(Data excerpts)
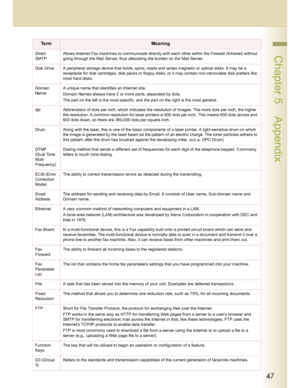 Page 4747
 Chapter 5    AppendixDirect 
SMTPAllows Internet Fax machines to communicate directly with each other within the Firewall (Intranet) without 
going through the Mail Server, thus alleviating the burden on the Mail Server.
Disk Drive A peripheral storage device that holds, spins, reads and writes magnetic or optical disks. It may be a 
receptacle for disk cartridges, disk packs or floppy disks, or it may contain non-removable disk platters like 
most hard disks.
Domain 
NameA unique name that...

## EXERCISE DETAILS:
Find the line that contains "Disk Drive A". Repeat it and every line after it, exactly as written, up to and including the last line of the records above.

## ANSWER FOR THIS EXERCISE:
Disk Drive A peripheral storage device that holds, spins, reads and writes magnetic or optical disks. It may be a 
receptacle for disk cartridges, disk packs or floppy disks, or it may contain non-removable disk platters like 
most hard disks.
Domain 
NameA unique name that...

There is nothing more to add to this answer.